Structured data refers to information that is organized and formatted in a way that makes it easily searchable, understandable, and usable by both humans and machines. It typically adheres to a predefined model or schema, which dictates how the data is arranged—such as in tables, rows, and columns in a database, or within specific fields in a file format like XML, JSON or HDF5.
At the core of the structuring process in NOMAD is the schema. Schemas define possible structures for processed data and metadata, organizing this data hierarchically in sections and subsections. They also define the relationships between different pieces of data and their associated metadata. For example, in a schema, the units of a measured quantity are also defined—such that one cannot assign units of length to a value of mass measurement. In essence, schemas are based on ontologies, as they define possible relationships between data and metadata organized within them.
To simplify, a schema is a design that defines how the structure and relationship of the data should be. An analogy would be to think of a schema as the blueprint of a toolbox, where the design specifies the location for the tools, once a template based on this schema is created. Some placeholders in the template must be filled with data, while others are optional. For instance, when uploading data to NOMAD, it is mandatory to specify when, and which user is uploading the data. However, certain fields, such as whether the data includes a DOI, are optional.
The NOMAD Metainfo
All data in NOMAD follows a schema that defines how the data is hierarchically structured and cross-referenced. This schema is called the NOMAD Metainfo. It defines a general domain-independent super structure, as well as highly detailed, specialized data from specific methods, tools, and programs.

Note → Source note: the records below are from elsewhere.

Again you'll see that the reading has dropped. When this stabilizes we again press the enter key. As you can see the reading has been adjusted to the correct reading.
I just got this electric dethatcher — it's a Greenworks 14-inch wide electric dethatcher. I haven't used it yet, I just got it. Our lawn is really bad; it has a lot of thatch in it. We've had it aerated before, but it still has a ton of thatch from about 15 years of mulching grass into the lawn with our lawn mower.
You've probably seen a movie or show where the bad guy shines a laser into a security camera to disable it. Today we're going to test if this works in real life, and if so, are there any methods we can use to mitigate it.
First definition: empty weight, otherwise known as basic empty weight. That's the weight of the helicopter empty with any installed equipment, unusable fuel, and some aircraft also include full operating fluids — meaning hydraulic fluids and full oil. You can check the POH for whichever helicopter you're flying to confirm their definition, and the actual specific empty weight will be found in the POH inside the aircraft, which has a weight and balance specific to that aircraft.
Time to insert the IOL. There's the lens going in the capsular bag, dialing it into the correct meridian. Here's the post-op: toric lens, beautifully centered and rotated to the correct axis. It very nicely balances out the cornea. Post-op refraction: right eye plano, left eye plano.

Based on the chosen or a newly created schema, NOMAD structures data into sections and subsections, where each section can contain data and additional sections. Without selecting a schema when uploading files to NOMAD, the system treats the files as a block of binary information, functioning merely as a storage service without the organizational benefits; similar to how a service like Dropbox would work.
Creating a schema enables the development of ELNs that exploit the schema to organize data in a FAIR-compliant manner. Returning to the analogy, the schema defines placeholders in the ELN, guiding users on what data or metadata to provide. For example, in an experiment measuring the heating and evaporation rates of water at 120°C, the schema would require temperature units for the temperature field and mass units for the water mass field.

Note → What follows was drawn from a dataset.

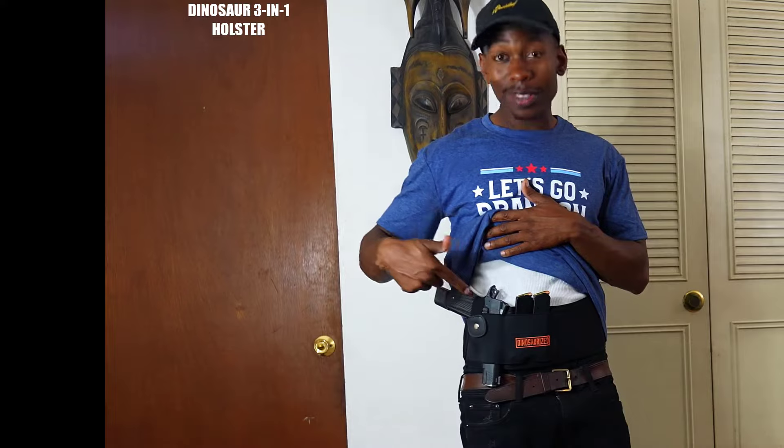Don't hesitate to check this out. My wife thinks it's extremely comfortable so she can feel safe, so I would highly recommend the Dinosaur 3-in-1 holster. You will not be disappointed.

The same principle applies when uploading a file to NOMAD with an available parser for this specific file format. The parser is a computer script that goes through your data file and collects the information to fill the placeholders defined by the schema. Therefore, the primary effort lies in preparing a proper schema for your experiment. Once the schema is prepared, the data can be placed in the correct placeholders either manually via an ELN or automatically upon uploading a file using a parser. The result is the same: in both scenarios data will be stored in a structured manner as you defined it in the schema.
In summary, the transition from raw files to FAIR data in NOMAD is achieved by careful design and implementation of schemas and parsers.